*** Opening of GIVEN INFORMATION ***
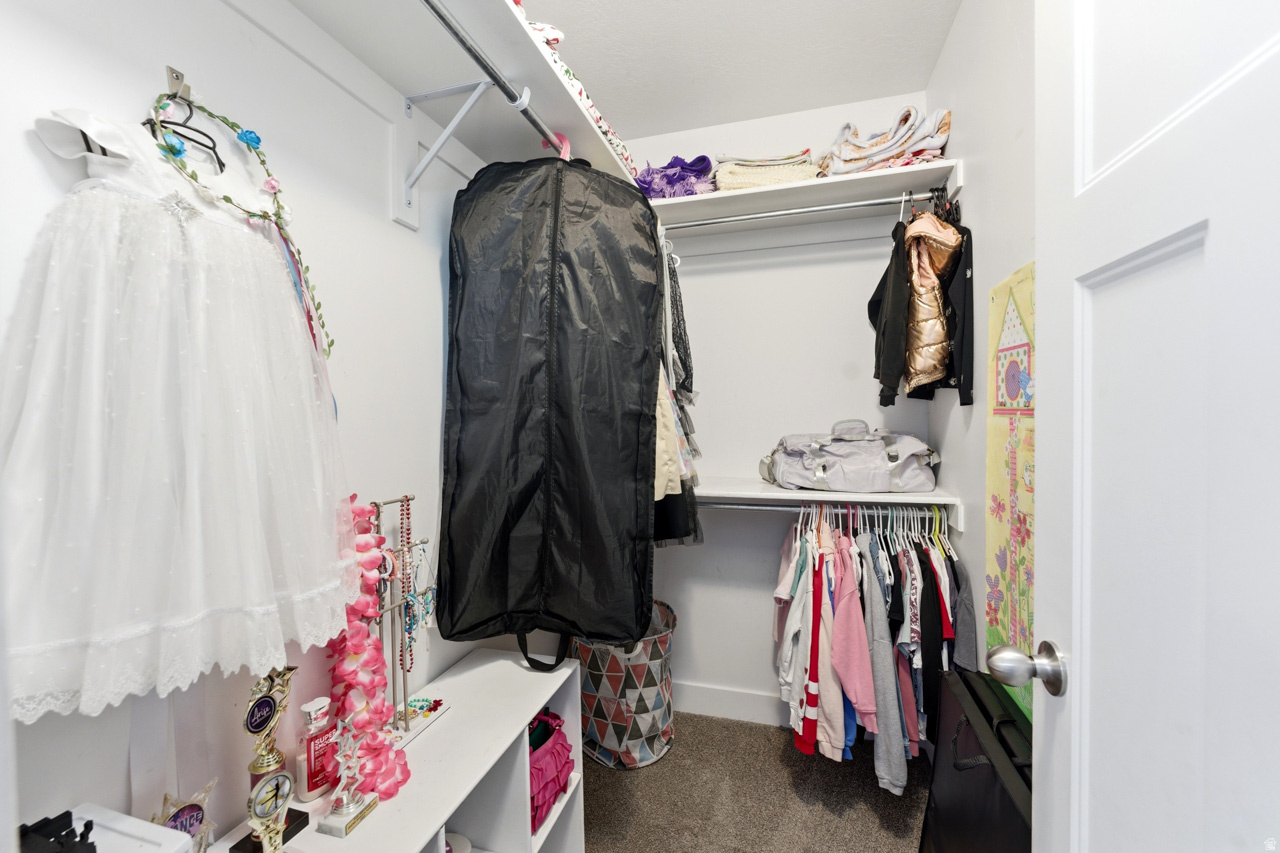 THE BENCHES - Residential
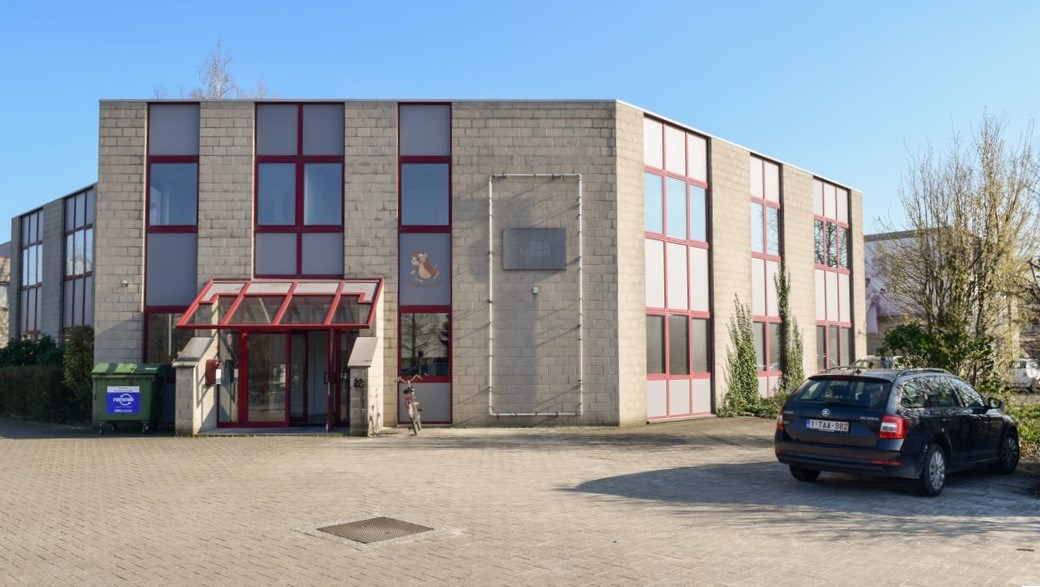 Instapklaar kantoor te huur in industriezone Mechelen-Noord 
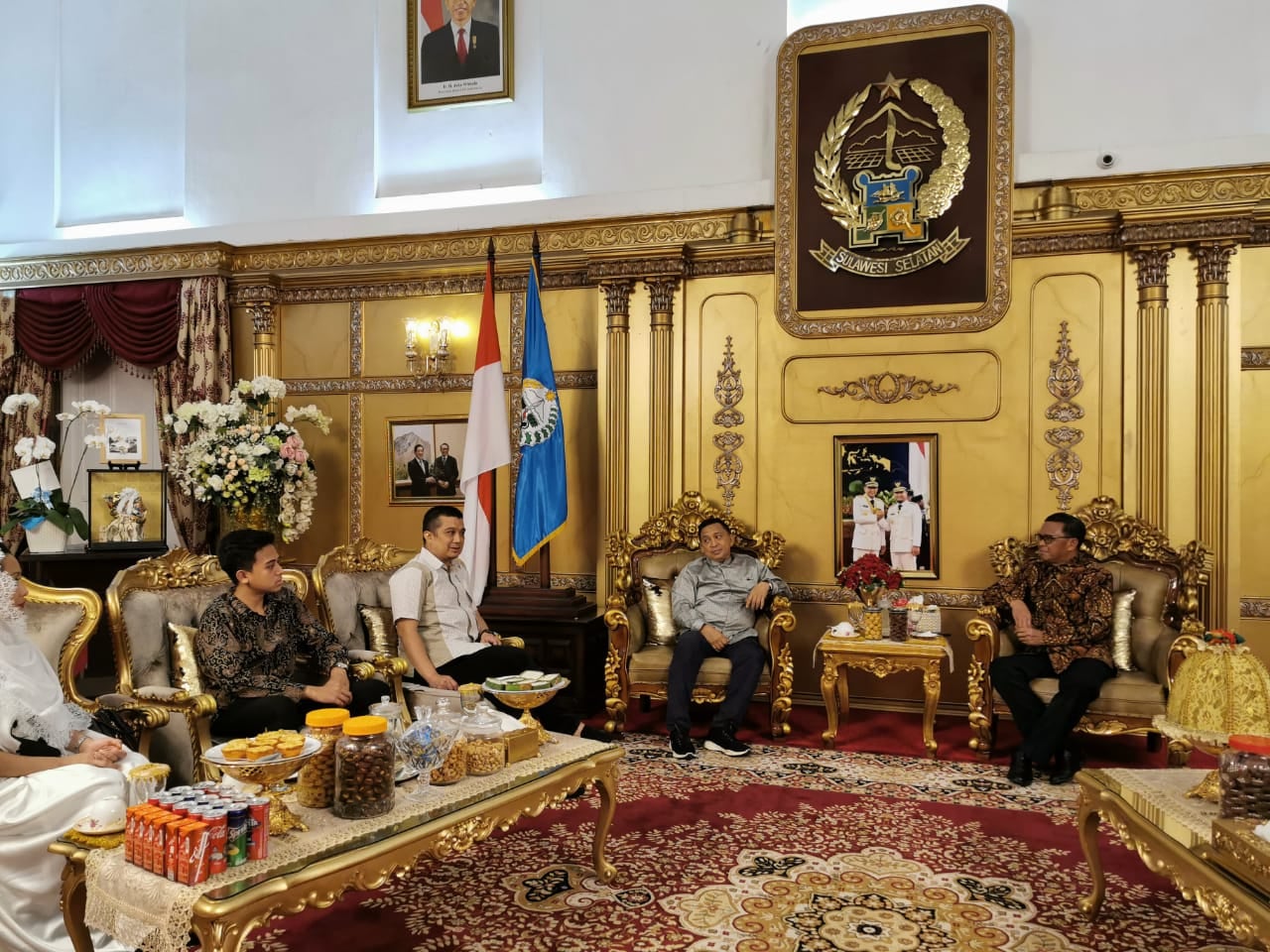 Gubernur Sulsel, Nurdin Abdullah menerima keluarga Kalla dan Aksa dalam suasana lebaran, Sabtu (8/6)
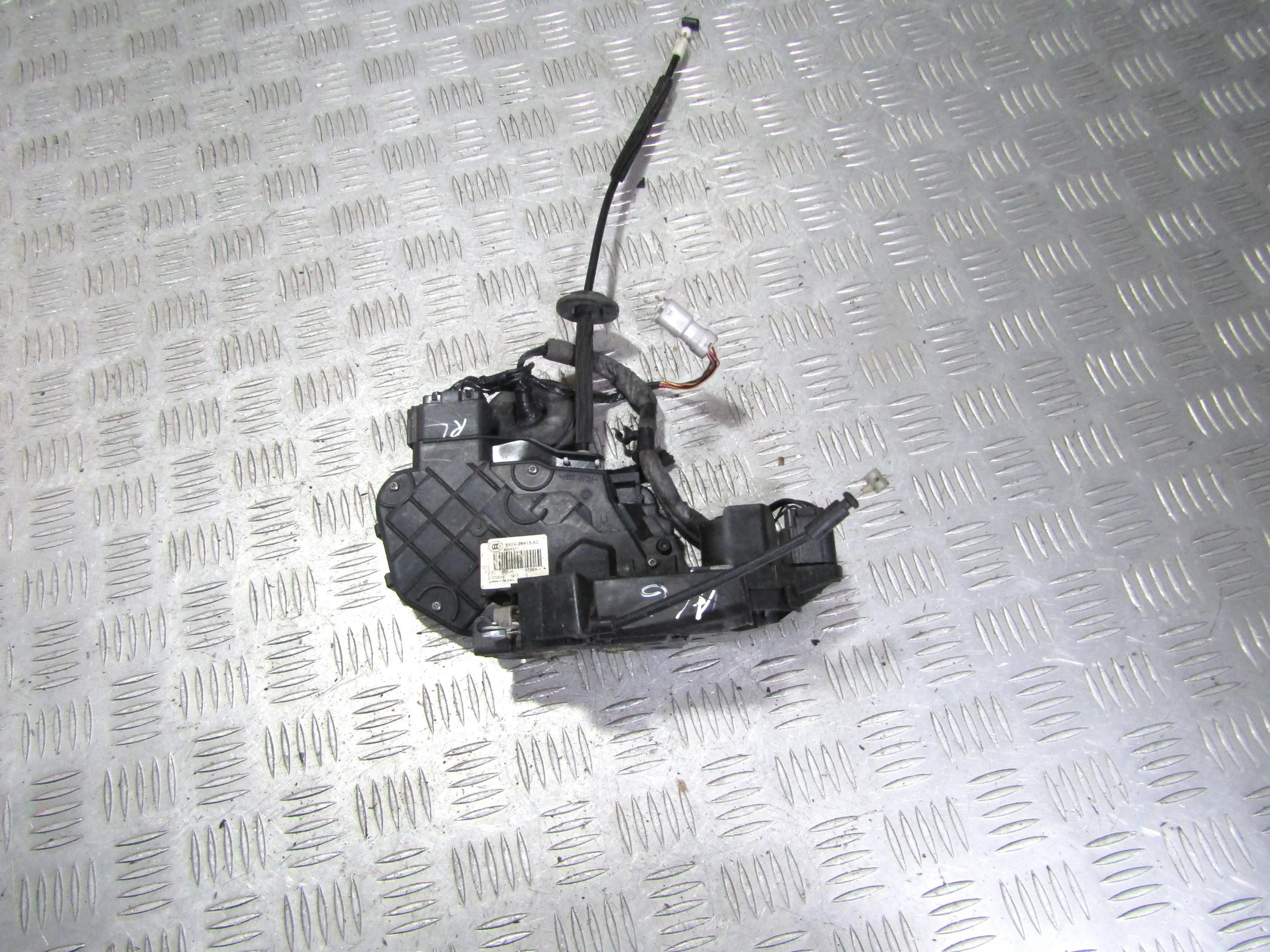 Замок двери задней левой LAND ROVER Discovery IV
*** Close of GIVEN INFORMATION ***
## WORK INSTRUCTION
Reproduce the material above exactly but drop all images.

## RESULT FOR THIS TASK
 THE BENCHES - Residential
 Instapklaar kantoor te huur in industriezone Mechelen-Noord 
 Gubernur Sulsel, Nurdin Abdullah menerima keluarga Kalla dan Aksa dalam suasana lebaran, Sabtu (8/6)
 Замок двери задней левой LAND ROVER Discovery IV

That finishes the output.